While the general trend of the last decade has been to move workloads to the cloud, along with major companies jumping on the bandwagon to offer their own managed services, the industry isn’t ready to relegate on-premises infrastructure to the closet just yet.

Many organizations keep running their own Software-Defined Datacentre (SDDC) and will do so for the foreseeable future for reasons such as sovereignty, low latency prerequisites, data privacy, or simply cloud providers selling IaaS capacity on VMware Cloud Director. On top of that, companies that already have solid investments in their on-premise SDDC with the right professionals to run it aren’t going to start over for the sake of moving to the cloud.

With that said, running an on-premises infrastructure isn’t a walk in the park, and Kubernetes is a whole different beast introduced to the zoo. It shouldn’t mean these customers can’t adopt the cloud native ecosystem without losing their sanity and this is where Giant Swarm jumps in by offering Kubernetes on VMware Cloud Director!

Positioning VMware Cloud Director within the cloud native landscape

Let’s first take a look at today’s star of the show and how we got to writing this piece.

VMware Cloud Director (VCD) is a cloud provider solution (much like OpenStack) built on VMware’s SDDC stack, featuring components such as VSAN for storage, NSX-T for networking, NSX ALB for load balancing, and of course, vSphere ESXi for compute. VCD is essentially a management layer added on top of these bricks, to allow organizations to sell resources to internal and external customers in various fashions such as Pay-As-You-Go or Reserved…

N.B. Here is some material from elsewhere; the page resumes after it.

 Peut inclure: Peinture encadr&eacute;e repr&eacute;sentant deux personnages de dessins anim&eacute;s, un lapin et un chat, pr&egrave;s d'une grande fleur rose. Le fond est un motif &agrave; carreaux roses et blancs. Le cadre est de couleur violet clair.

On top of these, VMware offers Kubernetes on VMware Cloud Director with Tanzu and the Container Storage Extension (CSE) plugin for VCD. However, we found that customers exploring this route face the same challenges as those looking at managed Kubernetes offerings from major hyperscalers:

Difficulty in finding talent to manage the platform.
Potential misalignment within the existing environment and intricate integration.
Limited or only expensive enterprise support.
A shift towards greater time investment in platform management and less time delivering features.
Substantial costs associated with staying on top of security concerns, update cycle, and incident response.
Navigating the difficulties associated with on-call rotations.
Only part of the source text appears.